§ DIRECTIONS
Transcription task. Write out each entry verbatim and exclude any image.

§ DATA LISTING
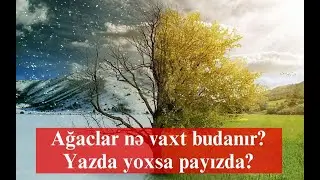 Ağaclar nə vaxt budanır? Payızda yoxsa yazda?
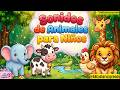 🐾 Animales para Niños 🐶🦁  | Video Educativo | Aprende los Nombres y Sonidos de los Animales 🐸🎵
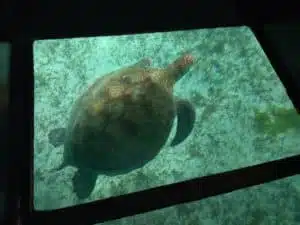 Tortue De Caledonie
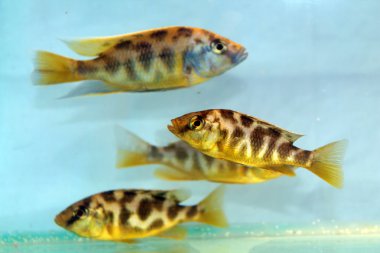 Nimbochromis venustus (Venustus Hap)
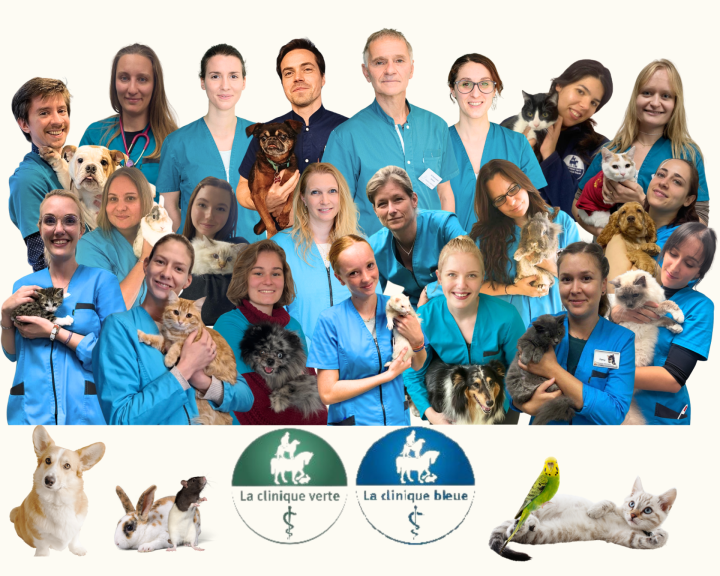 Design sans titre (22)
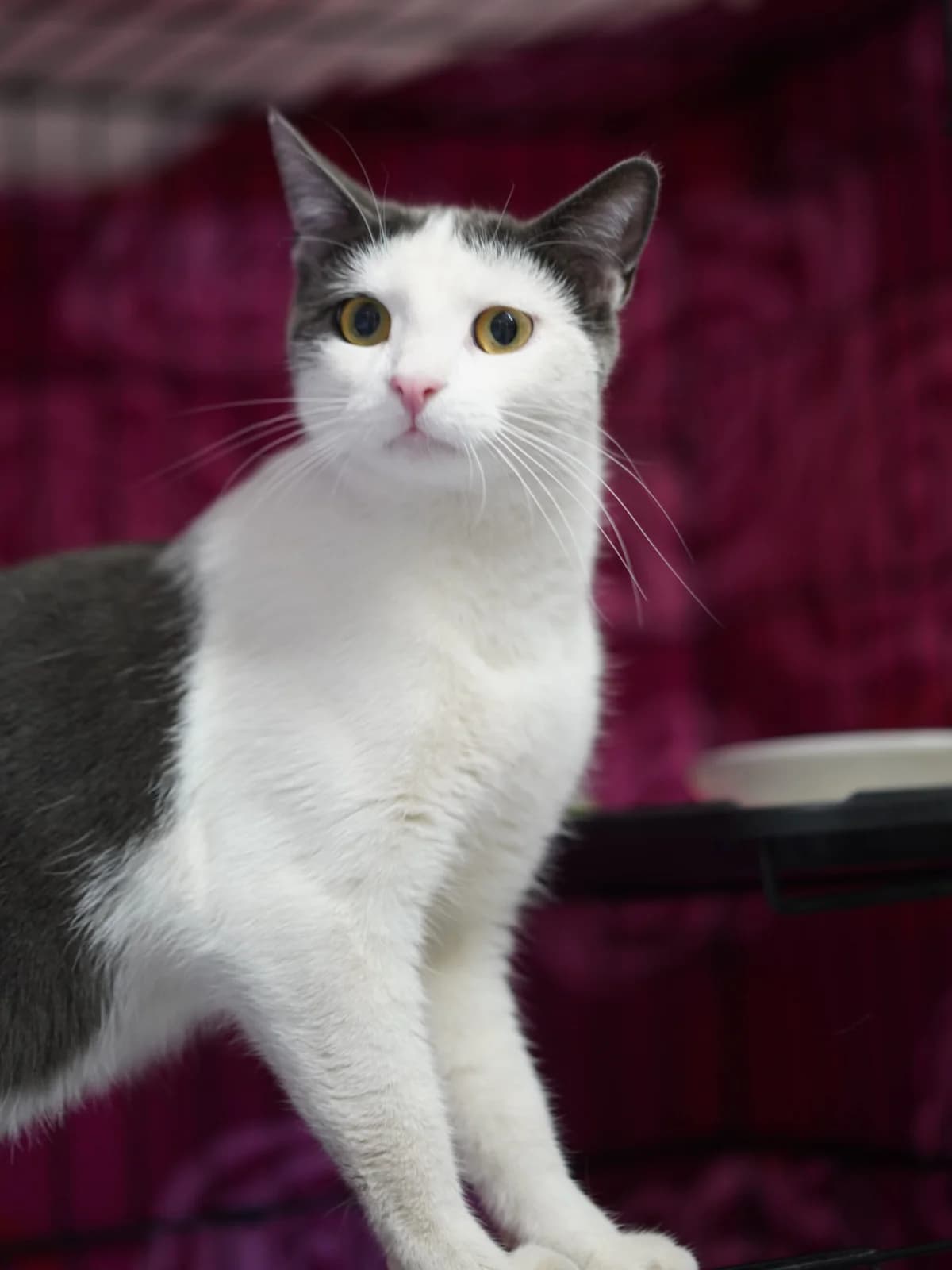 Destan, male young Mixed Breed for adoption at Tierschutz Euskirchen e.V.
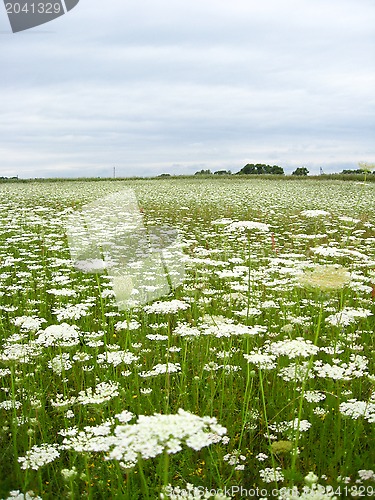 Image of summer landscape with field of white flowers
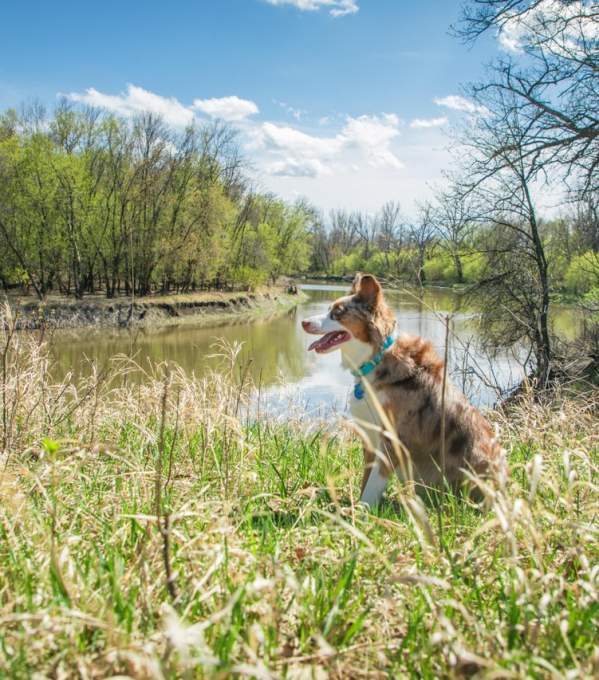 Dog-friendly spots to check out in Fargo-Moorhead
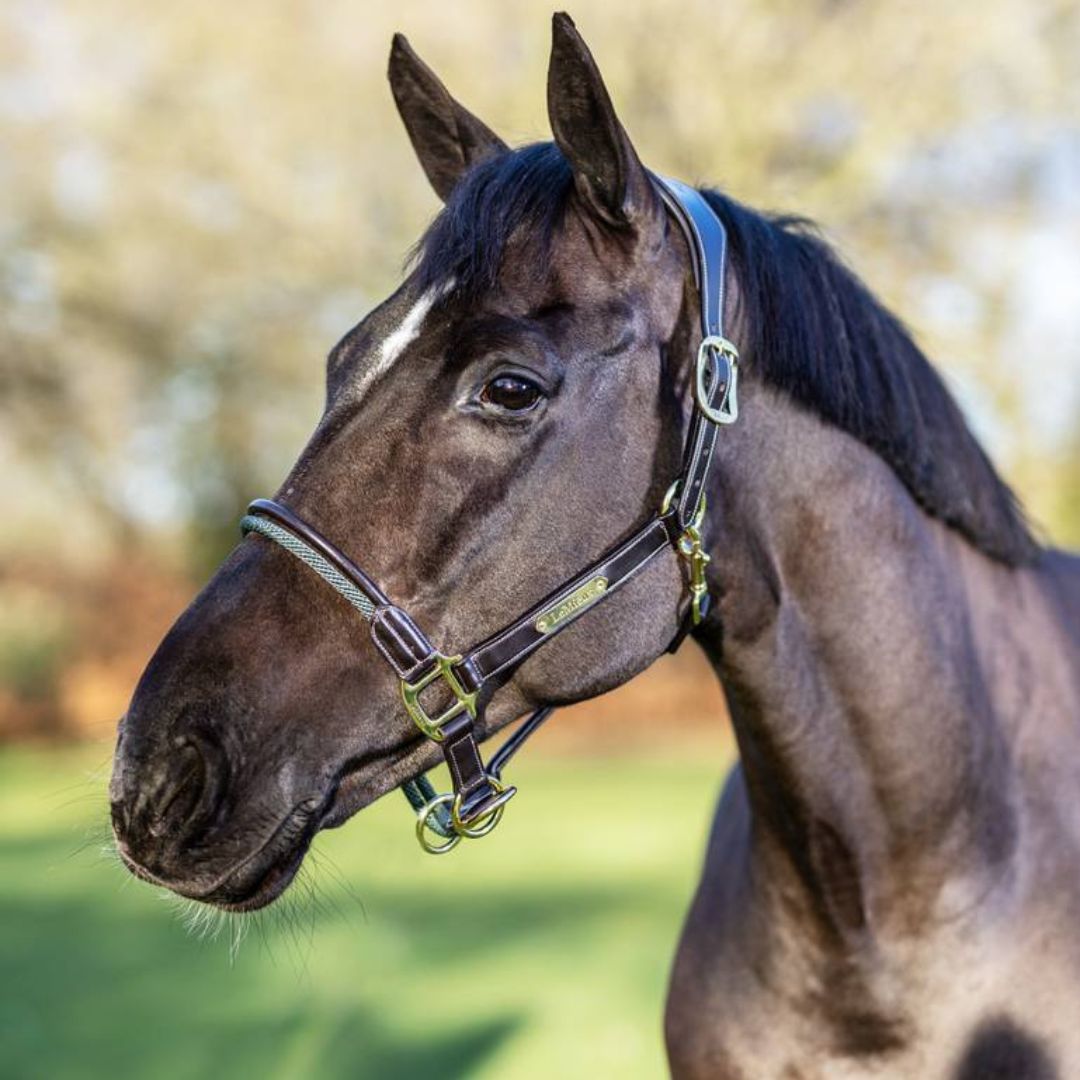 LeMieux Rope Control Halter - Brown | Malvern Saddlery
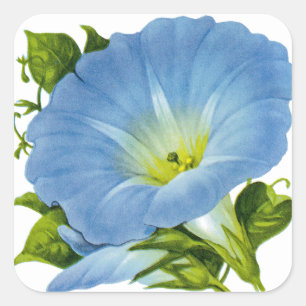 Sticker Carré Morning Glory Vintage Seed Packet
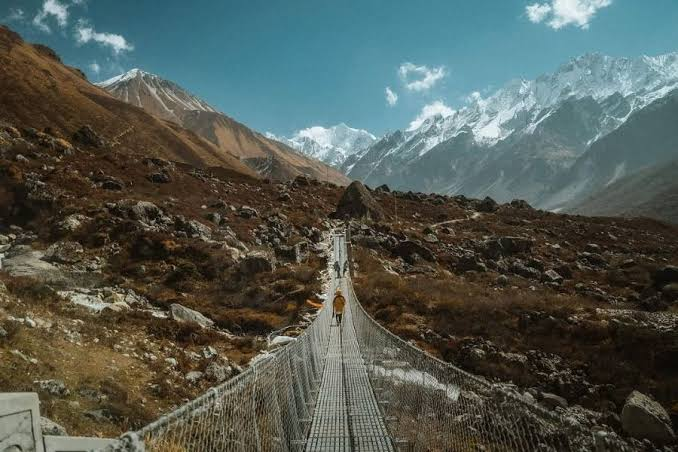 Why Langtang Valley Trek Is Perfect for Nature Enthusiasts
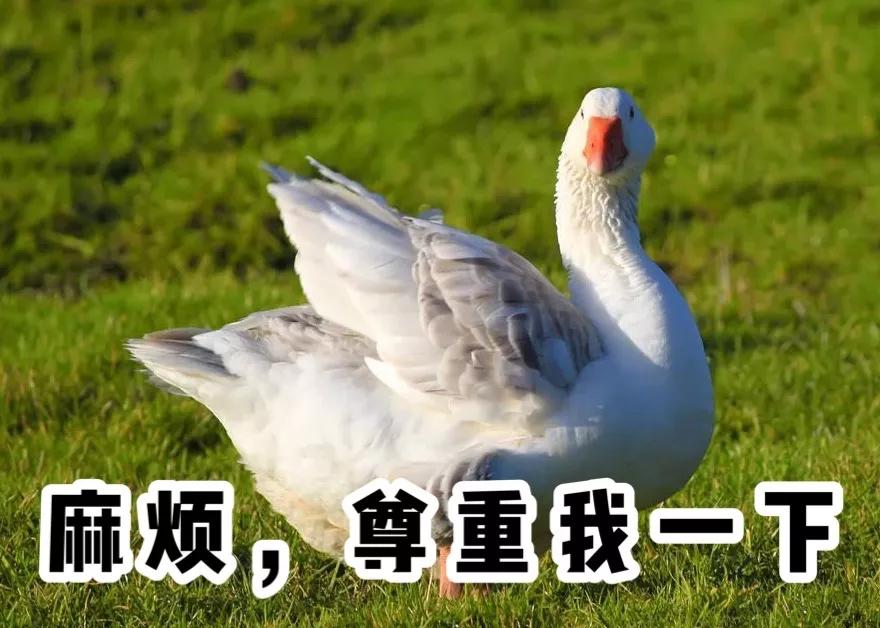 衣柜乱糟糟不够用,超实用衣柜收纳让你多塞30件衣服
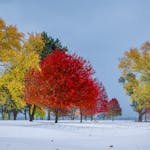 Bright autumn foliage with snow, showcasing vivid seasonal contrast in a serene park setting.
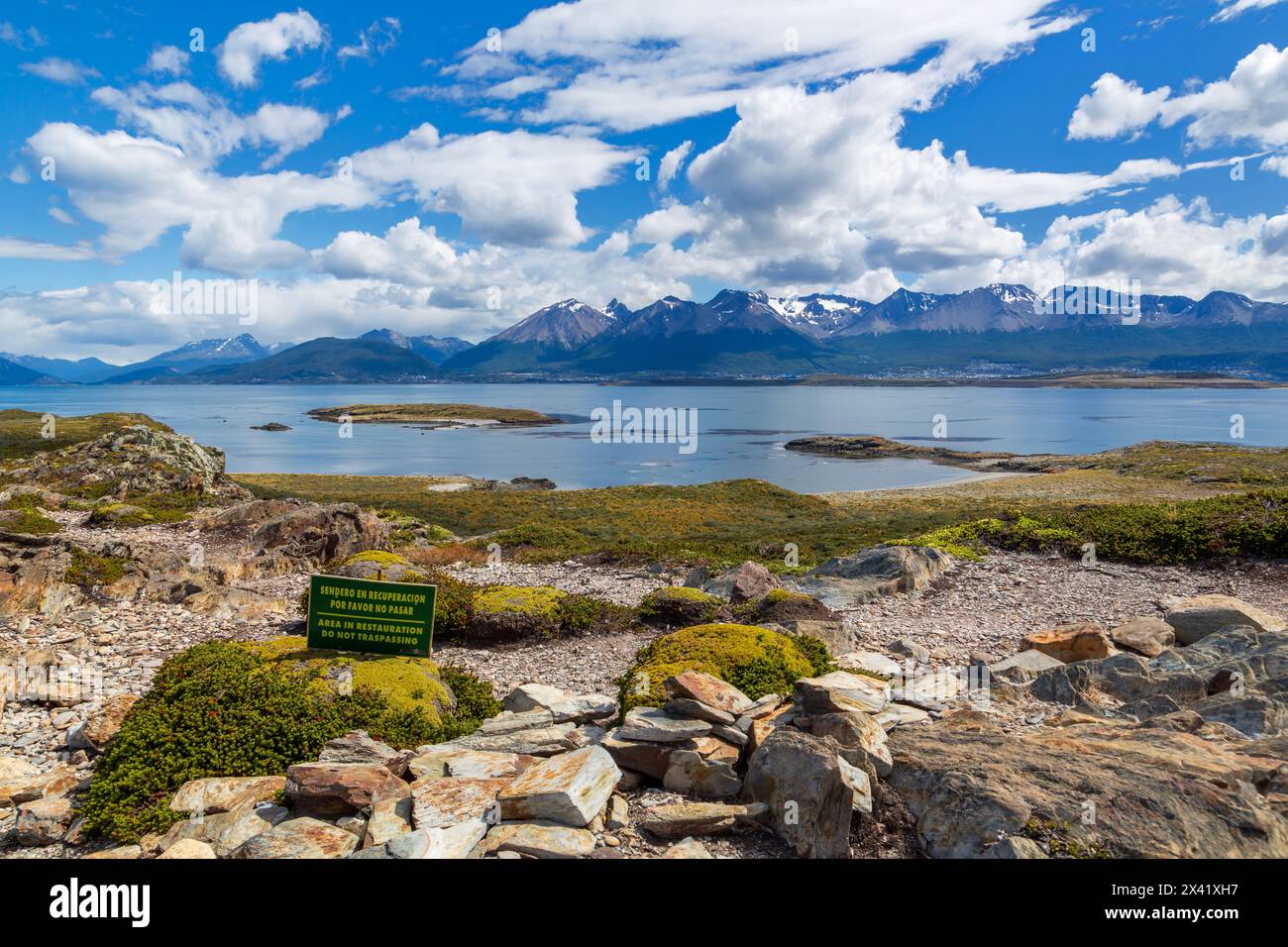 Usine de coussin, Bridges Island, Ushuaia, Terre de feu, Argentine, Amérique du Sud Banque D'Images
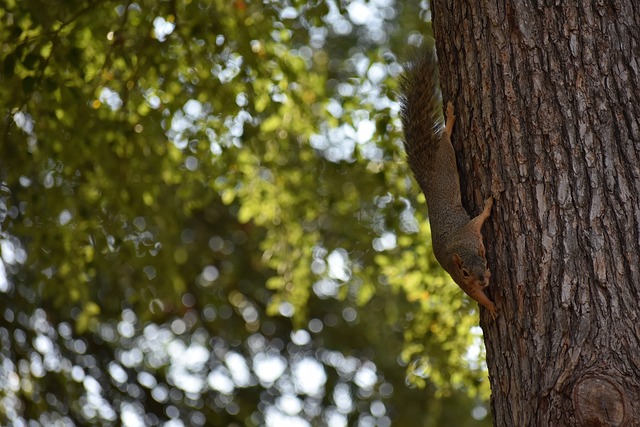 更高效地实 更高效地实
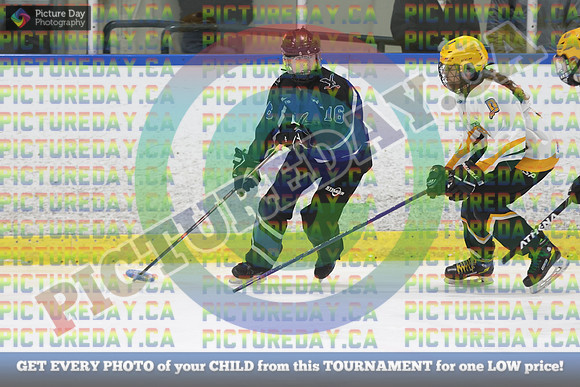 20250103-138932025 Whitby Ringette Tournament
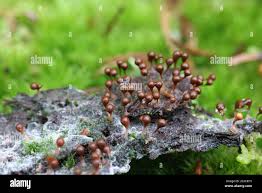 Attēlu rezultāti vaicājumam “Hemitrichia decipiens”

§ ANSWER FOR THE TASK
 Ağaclar nə vaxt budanır? Payızda yoxsa yazda?
 🐾 Animales para Niños 🐶🦁  | Video Educativo | Aprende los Nombres y Sonidos de los Animales 🐸🎵
 Tortue De Caledonie
 Nimbochromis venustus (Venustus Hap)
 Design sans titre (22)
 Destan, male young Mixed Breed for adoption at Tierschutz Euskirchen e.V.
 Image of summer landscape with field of white flowers
 Dog-friendly spots to check out in Fargo-Moorhead
 LeMieux Rope Control Halter - Brown | Malvern Saddlery
 Sticker Carré Morning Glory Vintage Seed Packet
 Why Langtang Valley Trek Is Perfect for Nature Enthusiasts
 衣柜乱糟糟不够用,超实用衣柜收纳让你多塞30件衣服
 Bright autumn foliage with snow, showcasing vivid seasonal contrast in a serene park setting.
 Usine de coussin, Bridges Island, Ushuaia, Terre de feu, Argentine, Amérique du Sud Banque D'Images
 更高效地实 更高效地实
 20250103-138932025 Whitby Ringette Tournament
 Attēlu rezultāti vaicājumam “Hemitrichia decipiens”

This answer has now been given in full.